Defendant's primary defense is that Freddie Cagler was working in another area of the wharf at the time and had nothing to do with the accident.
The principal issue in the case is one of fact and the testimony is in irreconcilable conflict.
Plaintiff was employed as a checker by Atlantic & Gulf Stevedores, Inc., contract stevedores for a steamship company. On the dajr in question he was assigned to check the transfer of a cargo of coffee which was being moved from the Congress Street Wharf by Neeb Kearney & Co., Inc., the consignee of the coffee. The coffee, upon arrival in port, had been removed from the ship on small platforms or pallets and stored by the stevedores in stacks four pallets high toward the back or landward side of the wharf. Each pallet held 15 sacks of coffee, weighing from 135 to 154 pounds each, placed on the pallet three sacks high, so that each storage stack was about 12 feet high and contained in the neighborhood of 6,000 pounds of coffee.
It was the duty of Atlantic & Gulf Stevedores to furnish a fork lift truck to break down the stacks of coffee from • their storage places on the wharf and to place the pallets of coffee near the .roadway (called the "dray area") which runs lengthwise the middle of the wharf, in such position as to make them available for the consignee (in this case Neeb Kearney & Co., Inc.) to pick up the pallets with its own fork lift trucks and to transfer the coffee to its drayage vans for hauling to its own. warehouse.
On the day of the accident when Neeb Kearney's crew arrived to take delivery of its consignment the Atlantic & Gulf lift truck was busy elsewhere and temporarily unavailable to break the coffee out from storage. In order to get the work started, Neeb Kearney's foreman got permission to send his own lift truck driver, Freddie Cagler, to commence breaking down the coffee. Sometime later (how much later is not clear) the accident occurred.

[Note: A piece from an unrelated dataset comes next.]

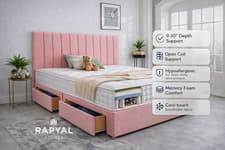 Image of LUXURY PLUSH DIVAN BED SET + MEMORY FOAM MATTRESS & HEADBOARD 3FT 4FT 4FT6 5FT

Plaintiff testified that he was standing in the storage area three or four feet from one of the stacks of coffee when a lift truck, (which he presumed to belong to Neeb Kearney because he knew Atlantic & Gulf's lift was busy elsewhere), in turning away with two pallets of sacks which it had removed from a storage stack, ac- cidently struck a sack (being one of the bottom sacks on the second tier of pallets) in the stack near which he was standing with the sharp edge of one of the pallets on the truck, tearing a hole in the sack and causing the coffee to pour out under great pressure. He testified that he was looking at the sack and saw it cut by the pallet edge. Plaintiff further testified that he grabbed a piece of wrapping paper which he found lying on the floor and was endeavoring to stuff the paper in the hole to stop the flow of coffee when the whole stack fell on him causing his injuries.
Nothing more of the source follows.